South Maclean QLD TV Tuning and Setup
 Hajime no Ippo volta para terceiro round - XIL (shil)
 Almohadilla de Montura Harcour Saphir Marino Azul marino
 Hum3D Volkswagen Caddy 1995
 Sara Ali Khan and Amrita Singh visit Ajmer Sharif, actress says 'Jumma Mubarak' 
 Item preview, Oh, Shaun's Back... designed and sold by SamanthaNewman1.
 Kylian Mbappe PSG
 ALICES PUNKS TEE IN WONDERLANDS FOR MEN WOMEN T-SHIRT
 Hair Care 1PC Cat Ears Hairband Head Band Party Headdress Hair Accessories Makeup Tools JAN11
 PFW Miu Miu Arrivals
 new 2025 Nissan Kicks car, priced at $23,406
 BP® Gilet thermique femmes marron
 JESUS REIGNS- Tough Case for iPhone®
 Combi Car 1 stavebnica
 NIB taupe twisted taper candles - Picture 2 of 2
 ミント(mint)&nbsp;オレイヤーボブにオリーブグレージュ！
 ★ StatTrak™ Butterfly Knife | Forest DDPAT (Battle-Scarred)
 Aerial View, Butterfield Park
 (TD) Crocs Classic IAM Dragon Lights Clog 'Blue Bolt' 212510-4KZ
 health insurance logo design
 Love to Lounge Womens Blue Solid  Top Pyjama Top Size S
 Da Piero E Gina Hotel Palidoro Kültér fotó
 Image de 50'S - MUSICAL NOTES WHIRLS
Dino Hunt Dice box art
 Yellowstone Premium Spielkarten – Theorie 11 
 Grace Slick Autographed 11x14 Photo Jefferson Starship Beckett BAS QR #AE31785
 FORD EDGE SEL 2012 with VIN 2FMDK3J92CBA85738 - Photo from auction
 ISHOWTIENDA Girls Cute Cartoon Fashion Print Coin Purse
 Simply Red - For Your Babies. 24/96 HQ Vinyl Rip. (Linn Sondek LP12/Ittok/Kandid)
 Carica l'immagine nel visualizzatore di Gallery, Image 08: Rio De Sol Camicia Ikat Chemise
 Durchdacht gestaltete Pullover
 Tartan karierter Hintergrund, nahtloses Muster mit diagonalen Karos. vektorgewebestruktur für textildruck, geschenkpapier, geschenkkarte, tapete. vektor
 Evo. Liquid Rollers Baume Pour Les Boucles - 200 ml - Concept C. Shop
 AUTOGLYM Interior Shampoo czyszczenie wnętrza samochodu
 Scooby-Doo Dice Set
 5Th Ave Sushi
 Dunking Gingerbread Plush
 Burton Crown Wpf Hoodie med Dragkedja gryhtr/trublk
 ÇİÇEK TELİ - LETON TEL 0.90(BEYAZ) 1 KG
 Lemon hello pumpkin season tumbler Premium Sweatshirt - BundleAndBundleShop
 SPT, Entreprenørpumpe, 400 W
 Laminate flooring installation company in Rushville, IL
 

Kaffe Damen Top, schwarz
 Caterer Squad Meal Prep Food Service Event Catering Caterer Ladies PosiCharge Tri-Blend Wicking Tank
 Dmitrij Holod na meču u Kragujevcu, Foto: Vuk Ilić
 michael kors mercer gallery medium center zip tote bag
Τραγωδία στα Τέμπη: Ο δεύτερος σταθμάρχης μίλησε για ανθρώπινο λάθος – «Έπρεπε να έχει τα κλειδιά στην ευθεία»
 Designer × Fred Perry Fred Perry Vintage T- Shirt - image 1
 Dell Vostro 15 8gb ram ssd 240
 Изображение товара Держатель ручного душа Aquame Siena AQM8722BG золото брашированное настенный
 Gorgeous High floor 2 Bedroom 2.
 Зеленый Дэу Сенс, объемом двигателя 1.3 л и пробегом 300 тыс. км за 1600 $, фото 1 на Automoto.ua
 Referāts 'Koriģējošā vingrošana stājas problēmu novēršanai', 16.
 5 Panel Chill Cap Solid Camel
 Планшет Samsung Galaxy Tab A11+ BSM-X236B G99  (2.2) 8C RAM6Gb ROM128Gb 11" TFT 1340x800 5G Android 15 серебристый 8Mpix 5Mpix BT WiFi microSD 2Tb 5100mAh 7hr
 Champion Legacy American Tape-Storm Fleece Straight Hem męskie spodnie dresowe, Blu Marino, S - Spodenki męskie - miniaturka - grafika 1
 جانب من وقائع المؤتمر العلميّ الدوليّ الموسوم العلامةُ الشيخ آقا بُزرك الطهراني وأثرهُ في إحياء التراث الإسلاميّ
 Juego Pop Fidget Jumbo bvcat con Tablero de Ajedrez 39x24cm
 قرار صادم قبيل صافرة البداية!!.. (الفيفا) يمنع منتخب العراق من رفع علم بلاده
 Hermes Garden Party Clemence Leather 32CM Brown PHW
------------------------
| WHAT THE TASK REQUIRES |
Find "Kaffe Damen Top, schwarz" in the entries above and copy that whole line exactly, then each line after it through the line that contains "Планшет Samsung Galaxy".

| ANSWER TO THIS TASK |
Kaffe Damen Top, schwarz
 Caterer Squad Meal Prep Food Service Event Catering Caterer Ladies PosiCharge Tri-Blend Wicking Tank
 Dmitrij Holod na meču u Kragujevcu, Foto: Vuk Ilić
 michael kors mercer gallery medium center zip tote bag
Τραγωδία στα Τέμπη: Ο δεύτερος σταθμάρχης μίλησε για ανθρώπινο λάθος – «Έπρεπε να έχει τα κλειδιά στην ευθεία»
 Designer × Fred Perry Fred Perry Vintage T- Shirt - image 1
 Dell Vostro 15 8gb ram ssd 240
 Изображение товара Держатель ручного душа Aquame Siena AQM8722BG золото брашированное настенный
 Gorgeous High floor 2 Bedroom 2.
 Зеленый Дэу Сенс, объемом двигателя 1.3 л и пробегом 300 тыс. км за 1600 $, фото 1 на Automoto.ua
 Referāts 'Koriģējošā vingrošana stājas problēmu novēršanai', 16.
 5 Panel Chill Cap Solid Camel
 Планшет Samsung Galaxy Tab A11+ BSM-X236B G99  (2.2) 8C RAM6Gb ROM128Gb 11" TFT 1340x800 5G Android 15 серебристый 8Mpix 5Mpix BT WiFi microSD 2Tb 5100mAh 7hr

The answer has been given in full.